"Air cocaïne" : l'un des pilotes emprisonnés témoigne
Comment allez-vous ?
Pascal Fauret : Ça ne va pas du tout. Il y a constamment un vacarme infernal. On vit dans des conditions proprement impossibles, inacceptables, terribles. On ne vit pas, on essaie de survivre. On est six dans 10m2. Au début, nous étions enfermés là-dedans 23h30 par jour. Maintenant, on l'ouvre plus régulièrement. Notre prison est une espèce de cathédrale de 200m2 dans laquelle on est 120. Il y règne un bruit permanent absolument infernal.
Dans quel état êtes-vous ?
PF : Physiquement, nous sommes très diminués. Il est impossible de faire de l'exercice. Nous sommes mal nourris. Plat unique matin midi et soir, du riz et des haricots. Il n'y a que ça à manger. Nous manquons de lumière, on ne peut pas lire. Il n'y a pas de chaise. Ma vue a baissé, je le sens. Musculairement, je suis amoindri. Le moral va avec puisque notre affaire n'avance pas. Il y a eu une quinzaine de renvois devant la justice avec des moments hauts et surtout des moments très bas. Là, nous sommes en attente d'une énième date. Une audience très importante devrait avoir lieu le 25 avril. Notre dossier a été dépaysé à la capitale, Saint-Domingue, ce qui apparaît comme une bonne nouvelle. Mais c'est une bonne nouvelle qui intervient un an trop tard puisque nous sommes repartis dans la même procédure que l'été dernier.
A quoi vous accrochez-vous ? Quel est votre espoir ?
PF : Ma priorité numéro 1, c'est de sortir de cette prison, de cet enfer, au moins obtenir la liberté conditionnelle pour pouvoir recevoir de la visite, notamment nos familles, au moins de manière décente.
Vous continuez de clamer votre innocence, plus d'un an après votre arrestation ?
PF : Bien sûr. J'étais salarié d'une petite compagnie d'aviation d'affaires. Je suis parti pour 4 jours à la demande de mon employeur. J'ai pris une petite valise avec toute ma vie à l'intérieur : mes ordinateurs, mon téléphone, mes clés... On m'a tout volé. On m'a rasé la tête. Mes cartes bleues ont été distribuées, heureusement j'ai pu faire opposition, ce qui n'est pas le cas de Bruno Odos, mon compagnon d'infortune. On lui a volé beaucoup d'argent. On m'a piqué ma montre.
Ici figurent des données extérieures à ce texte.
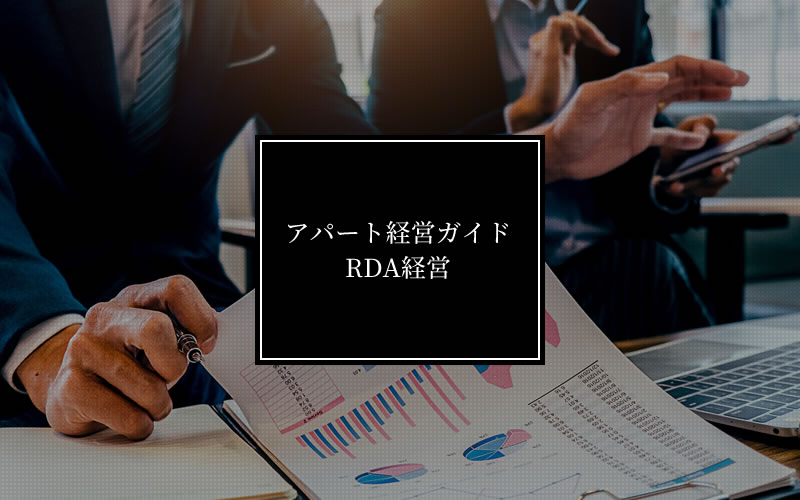 アパート経営ガイドRDA経営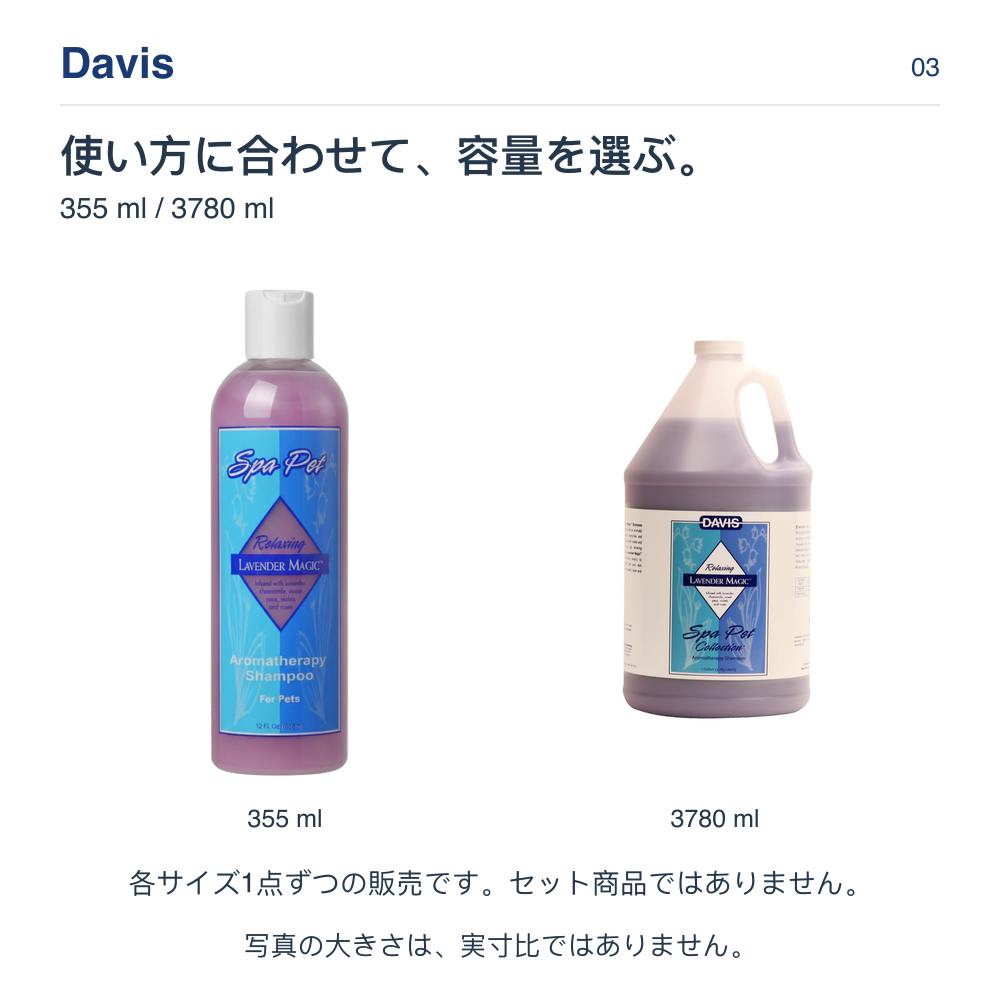 Davis 使い方に合わせて、容量を選ぶ。 355 ml / 3780 ml
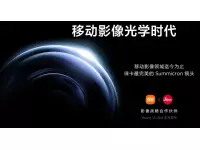 Xiaomi 13 Ultra with Leica optics launches soon this April; Expected 6.7-inch AMOLED QHD+ 120Hz display, Snapdragon 8 Gen2 SoC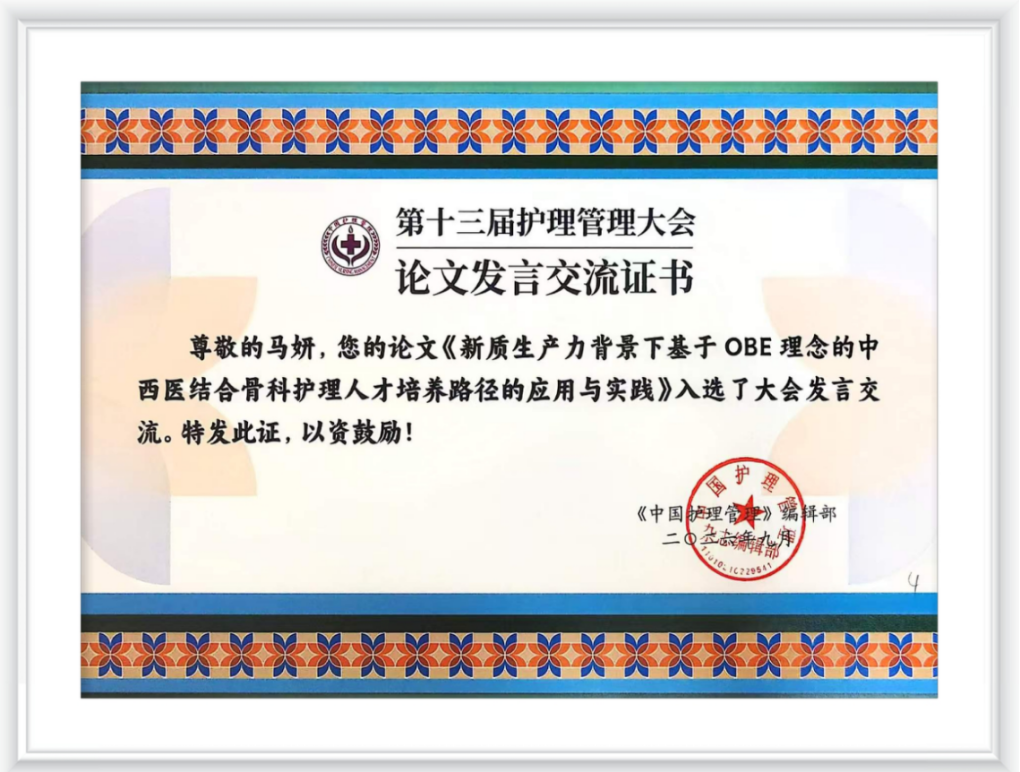 双会交流展风采——武体附院护理团队多项成果亮相两场全国性护理学术会议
On m'a jeté dans un cachot pendant 15 jours. J'étais ensuite dans une cellule minuscule pendant un mois.
Depuis, nous sommes soit disant à la disposition de la justice dominicaine mais il ne se passe absolument rien.
Croyez-vous en la justice dominicaine ? En l'intervention de la diplomatie française ?
PF : A la première question, la réponse est clairement non. La justice dominicaine a largement montré son incompétence. Cette histoire est montée de toutes pièces, absolument abracadabrantesque. Il n'y a rien de tangible. Ils font traîner l'affaire dans je ne sais trop quel but. Le deuxième point, c'est le soutien de la France, oui il est maintenant beaucoup plus sensible. Le problème, c'est que le temps de la diplomatie quand on est en prison, on le ressent comme du temps de vie perdu. Ou plutôt de non vie d'ailleurs.
Comment se passe une journée type pour vous actuellement ?
PF : Il faut savoir qu'il n'y a aucune règle. Tout change de mois en mois voire d'heure en heure. Tout évolue. C'est très difficile de comprendre parce que nous n'avons pas la culture locale. Nous ne parlons pas espagnol même si on commence à le comprendre, évidemment au bout d'un an. Tout est soumis à l'arbitraire des gardiens. S'il y a de l'eau, on peut se doucher. S'il n'y en a pas et bien tant pis. Il ne nous reste alors plus qu'à espérer que l'eau revienne mais rien n'est jamais garanti. On attend surtout d'avoir accès au téléphone, quand il marche... Des fois, l'après-midi, on arrive à mettre un pied dehors, sur un demi-terrain de basket, pour prendre l'air.
On est au fond du trou.
Avez-vous un message pour les autorités françaises ?
PF : Le premier message, c'est pour le président de la République : Sortez-nous de là ! Ensuite, faire en sorte que la justice suive son cours, que l'on puisse enfin se défendre, expliquer que l'on n'a rien à voir avec cette affaire-là. Nous sommes face à un escalier et nous n'avons même pas gravi la première marche. Heureusement, nos familles nous aident énormément. Nous avons également un formidable comité de soutien et beaucoup de pilotes d'Air France sont venus nous rendre visite. Certains nous ont apportés du courrier. Rien que ça, ça nous fait du bien.